I ricercatori: «È come guardare la Terra dall’orbita per la prima volta: finalmente abbiamo il quadro completo del cancro e vediamo che la sua complessità non è infinita». L’Atlante genetico è il frutto di 10 anni di studi condotti dal National Cancer Institute e National Human Genome Research Institute
È pronto il primo Atlante genetico dei tumori, la mappa più completa del cancro creata fino ad ora. Raccoglie l’identikit di 33 tipi diversi di tumori, studiati su oltre 10mila pazienti, e promette di rivoluzionare l’approccio terapeutico al cancro. È un’impresa titanica quella condotta negli ultimi 10 anni dai centri americani National Cancer Institute, che vi ha investito circa 300 milioni di dollari, e National Human Genome Research Institute. I risultati degli studi sono stati raccolti in 29 articoli scientifici diversi, pubblicati su riviste come Cell, Cancer Cell, Cell Reports e Immunity.
Guardare queste mappe dei tumori per gli esperti è stato «come guardare la Terra dall’orbita per la prima volta: finalmente abbiamo il quadro completo del cancro e vediamo che la sua complessità non è infinita» ha detto Josh Stuart, dell’Università della California a Santa Cruz.
L’Atlante ha permesso di identificare tre processi cruciali che portano allo sviluppo dei tumori: le mutazioni genetiche, sia ereditarie, sia acquisite durante la vita; l’influenza dell’ambiente sull’attività dei geni; i ‘trucchi’ che i tumori utilizzano per sfuggire ai posti di blocco del sistema immunitario.

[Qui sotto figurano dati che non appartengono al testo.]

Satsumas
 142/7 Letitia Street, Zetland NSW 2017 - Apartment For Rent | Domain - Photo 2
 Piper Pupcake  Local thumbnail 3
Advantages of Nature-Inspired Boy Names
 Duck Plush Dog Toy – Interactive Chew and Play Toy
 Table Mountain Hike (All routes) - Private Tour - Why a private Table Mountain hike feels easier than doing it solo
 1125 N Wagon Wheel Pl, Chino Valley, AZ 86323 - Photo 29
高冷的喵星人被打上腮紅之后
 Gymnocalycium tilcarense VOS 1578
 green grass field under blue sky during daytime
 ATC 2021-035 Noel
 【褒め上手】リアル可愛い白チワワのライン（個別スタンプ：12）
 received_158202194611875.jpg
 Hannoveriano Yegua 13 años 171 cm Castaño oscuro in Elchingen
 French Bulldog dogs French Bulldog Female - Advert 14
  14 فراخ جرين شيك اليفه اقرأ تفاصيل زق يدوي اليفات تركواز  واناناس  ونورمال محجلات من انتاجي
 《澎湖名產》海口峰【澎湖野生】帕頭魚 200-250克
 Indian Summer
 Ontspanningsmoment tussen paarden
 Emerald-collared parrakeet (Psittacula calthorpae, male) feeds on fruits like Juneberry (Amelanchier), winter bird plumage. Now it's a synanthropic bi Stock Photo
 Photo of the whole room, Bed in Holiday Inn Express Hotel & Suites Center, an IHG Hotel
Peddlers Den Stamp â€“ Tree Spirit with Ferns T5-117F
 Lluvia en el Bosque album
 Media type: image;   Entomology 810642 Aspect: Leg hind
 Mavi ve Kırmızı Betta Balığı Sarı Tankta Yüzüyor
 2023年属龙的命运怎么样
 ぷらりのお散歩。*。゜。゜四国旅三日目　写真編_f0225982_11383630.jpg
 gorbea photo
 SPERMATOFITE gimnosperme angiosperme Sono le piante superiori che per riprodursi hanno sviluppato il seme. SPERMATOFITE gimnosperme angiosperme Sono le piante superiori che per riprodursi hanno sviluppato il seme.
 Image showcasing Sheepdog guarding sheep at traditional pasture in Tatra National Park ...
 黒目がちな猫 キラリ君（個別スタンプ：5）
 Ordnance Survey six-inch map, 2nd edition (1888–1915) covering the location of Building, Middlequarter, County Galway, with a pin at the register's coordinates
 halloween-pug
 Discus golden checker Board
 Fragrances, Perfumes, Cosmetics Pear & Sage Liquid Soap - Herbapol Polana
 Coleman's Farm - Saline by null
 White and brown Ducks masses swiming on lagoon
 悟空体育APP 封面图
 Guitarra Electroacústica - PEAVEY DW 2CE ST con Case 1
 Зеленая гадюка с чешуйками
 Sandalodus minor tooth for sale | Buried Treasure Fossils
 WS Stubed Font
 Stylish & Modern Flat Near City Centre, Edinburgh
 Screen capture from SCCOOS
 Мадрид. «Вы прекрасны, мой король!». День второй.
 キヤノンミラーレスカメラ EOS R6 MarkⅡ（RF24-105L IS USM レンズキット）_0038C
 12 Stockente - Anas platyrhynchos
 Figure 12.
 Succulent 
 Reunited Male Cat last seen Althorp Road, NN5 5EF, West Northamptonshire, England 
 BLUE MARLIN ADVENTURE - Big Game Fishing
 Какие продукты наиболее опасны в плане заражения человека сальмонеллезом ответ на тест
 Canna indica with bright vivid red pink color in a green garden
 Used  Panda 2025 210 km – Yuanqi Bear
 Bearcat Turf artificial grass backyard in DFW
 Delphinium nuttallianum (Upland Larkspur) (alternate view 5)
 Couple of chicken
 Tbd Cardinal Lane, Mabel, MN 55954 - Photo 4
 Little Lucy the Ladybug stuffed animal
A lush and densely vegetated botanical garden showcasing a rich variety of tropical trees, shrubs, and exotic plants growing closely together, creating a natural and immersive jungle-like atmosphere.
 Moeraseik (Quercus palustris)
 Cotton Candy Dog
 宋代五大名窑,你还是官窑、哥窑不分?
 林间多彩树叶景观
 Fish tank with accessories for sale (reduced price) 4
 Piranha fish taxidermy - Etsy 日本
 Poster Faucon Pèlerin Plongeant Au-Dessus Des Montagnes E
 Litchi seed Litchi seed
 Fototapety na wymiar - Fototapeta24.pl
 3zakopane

Inoltre, è stato osservato che i tumori che originano da diversi organi possono condividere aspetti comuni a livello molecolare, mentre i tumori che nascono nello stesso tessuto o organo possono avere profili genomici diversi. I ricercatori hanno poi dimostrato che tutti i 33 tipi di tumore potrebbero essere riclassificati in 28 sottotipi molecolari diversi, in base al loro patrimonio genetico e cellulare e indipendentemente dal loro sito di origine anatomica. Quasi due terzi di questi sottotipi prima erano considerati eterogenei in base alle caratteristiche istologiche e sarebbero stati quindi trattati in modo diverso.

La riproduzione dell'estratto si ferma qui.